Оставаясь в Чартвелле, Черчилль писал о Войне Алой и Белой розы и Жанне д’Арк. Как-то утром, прочтя в газетах, что в возрасте шестидесяти восьми лет умер человек, который в 1903 г. был влюблен в Клементину, он написал ей: «Моя дорогая Клемми, ты огорчишься, узнав, что умер Сидни Пир. Отчего, мне неизвестно. Сейчас умирают многие из тех, кого я знал во времена нашей молодости. Это поразительно – дойти до конца жизни и чувствовать себя так же, как пятьдесят лет назад. Всегда стоит надеяться на внезапный конец, пока не начнется упадок. Но это слишком мрачная концовка для моего письма. Мне нравится представлять тебя сияющей. Я надеюсь и молюсь, чтобы твое самообладание и сила духа дали тебе надежную опору».
Неделю спустя родилась первая внучка Черчилля – Эдвина, дочь Дианы и Дункана Сэндиса. «Она явилась на свет совершенно неожиданно, – написал Черчилль жене, – будучи меньше восьми месяцев от роду и весом всего четыре с половиной фунта. Я видел ее после полудня. Ребенок крохотный, но, как мне сказали, здоровый и вполне цветущий».
7 января 1939 г. Черчилль улетел в Париж, где обедал с Рейно, повидался с бывшим премьер-министром Леоном Блюмом, после чего ночным поездом отправился на юг Франции, чтобы провести две с половиной недели в замке Оризон у Максин Эллиотт. Оттуда он писал Клементине, рассказывая о своих беседах с французскими политиками в Париже: «Все они подтверждают, что во время кризиса у немцев вообще не было солдат на границе с Францией. И, как сказали мне и Блюм (это секрет), и генерал Гамлен, и генерал Жорж, все уверены, что могли бы прорвать незаконченную и почти неохранявшуюся немецкую линию обороны за неделю, самое большее за пятнадцать дней. Продержись чехи всего лишь пару недель, немецким армиям пришлось бы уже отражать вторжение. Впрочем, тут витает дух самодовольства, и то, что слышишь, не слишком отражает реальность. В действительности все зависит от твоего собственного здравого взгляда на положение дел. Я не сомневаюсь, – продолжал Черчилль, – что твердая позиция Англии и Франции предотвратила бы войну, и, полагаю, будущее заставит всех понять, что тогда в любом, даже самом худшем варианте наше положение было бы куда лучше, чем, возможно, станет в один прекрасный день».
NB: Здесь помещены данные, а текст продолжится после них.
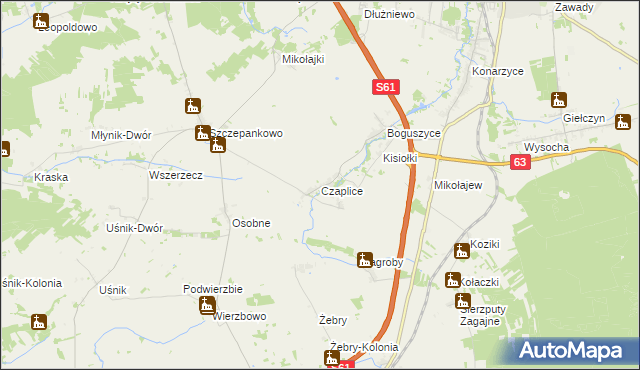 mapa Czaplice gmina Łomża, Czaplice gmina Łomża na mapie Targeo
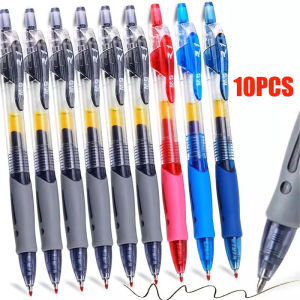 10PCS Press Gel Pen 0.5mm Black G5 Refill Simple Press Office Signature Pen Red Ink Blue Carbon Pen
Он делился с ней и своими перспективами относительно поста в правительстве: «Не думаю, что было бы так уж весело и приятно взвалить на свои плечи сложные и запущенные проблемы, тем более без необходимых полномочий». Однажды, когда бывший премьер-министр Северной Ирландии сэр Джеймс Крейг прислал ему серебряный кубок с выгравированными на нем именами сэра Рэндольфа, самого Черчилля и его сына, он написал: «Вот бы этот кубок смогли увидеть некоторые из грязных консервативных заправил, которые мечтают выкинуть меня из партии».